2002-10-07 19:31:59

by Andrew Morton

[permalink] [raw]
Subject: Re: The reason to call it 3.0 is the desktop (was Re: [OT] 2.6 not 3.0 - (NUMA))

Chris Friesen wrote:
>
> Andrew Morton wrote:
>
> > Go into ext2_new_inode, replace the call to find_group_dir with
> > find_group_other. Then untar a kernel tree, unmount the fs,
> > remount it and see how long it takes to do a
> >
> > `find . -type f xargs cat > /dev/null'
> >
> > on that tree. If your disk is like my disk, you will achieve
> > full disk bandwidth.
>
> Pardon my ignorance, but what's the difference between find_group_dir
> and find_group_other, and why aren't we using find_group_other already
> if its so much faster?
>

ext2 and ext3 filesystems are carved up into "block groups", aka
"cylinder groups". Each one is 4096*8 blocks - typically 128 MB.
So you can easily have hundreds of blockgroups on a single partition.

The inode allocator is designed to arrange that files which are within the
same directory fall in the same blockgroup, for locality of reference.

But new directories are placed "far away", in block groups which have
plenty of free space. (find_group_dir -> find a blockgroup for a
directory).

The thinking here is that files in a separate directory are related,
and files in different directories are unrelated. So we can take
advantage of that heuristic - go and use a new blockgroup each time
a new directory is created. This is a levelling algorithm which
tries to keep all blockgroups at a similar occupancy level.
That's a good thing, because high occupancy levels lead to fragmentation.

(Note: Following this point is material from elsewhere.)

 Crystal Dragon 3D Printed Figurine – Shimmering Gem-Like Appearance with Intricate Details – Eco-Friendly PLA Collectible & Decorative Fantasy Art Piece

find_group_other() is basically first-fit-from-start-of-disk, and
if we use that for directories as well as files, your untar-onto-a-clean-disk
simply lays everything out in a contiguous chunk.

Part of the problem here is that it has got worse over time. The
size of a blockgroup is hardwired to blocksize*bits-in-a-byte*blocksize.
But disks keep on getting bigger. Five years ago (when, presumably, this
algorithm was designed), a typical partition had, what? Maybe four
blockgroups? Now it has hundreds, and so the "levelling" is levelling
across hundreds of blockgroups and not just a handful.

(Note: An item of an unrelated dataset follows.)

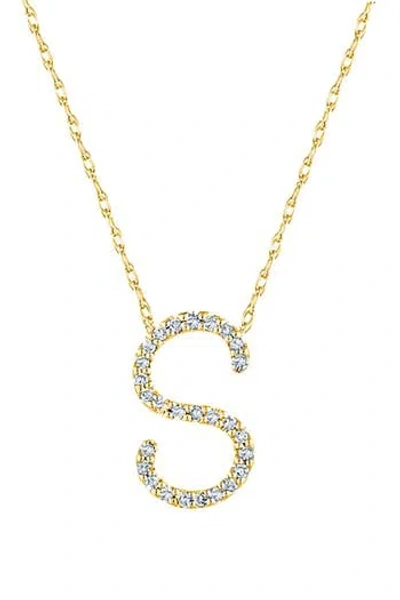 Suzy Levian Diamond & 14k Yellow Gold Letter Pendant Necklace In Gold - S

I did a lot of work on this back in November 2001, mainly testing
with a trace-based workload from Keith Smith. See
http://www.eecs.harvard.edu/~keith/usenix.1995.html

Al Viro wrote a modified allocator (which nobody understood ;))
based on Orlov's algorithm.

I ended up concluding that the current (sucky) code is indeed
best for minimising long-term fragmentation under slow-growth
scenarios. And worst for fast-growth.

Orlov was in between on both.

Simply nuking find_group_dir() was best for fast-growth, worst
for slow-growth.

Block allocators are fertile grounds for academic papers. It's
complex. There is a risk that you can do something which is
cool in testing, but ends up exploding horridly after a year's
use. By which time we have ten million deployed systems running like
dogs, damn all we can do about it.

The best solution is to use first-fit and online defrag to fix the
long-term fragmentation. It really is. There has been no appreciable
progress on this.

A *practical* solution is to keep a spare partition empty and do
a `cp -a' from one partition onto another once per week and
swizzle the mountpoints. Because the big copy will unfragment
everything.

ho-hum. I shall forward-port Orlov, and again attempt to understand
it ;)


2002-10-08 02:31:41

by Simon Kirby

[permalink] [raw]
Subject: Re: The reason to call it 3.0 is the desktop (was Re: [OT] 2.6 not 3.0 - (NUMA))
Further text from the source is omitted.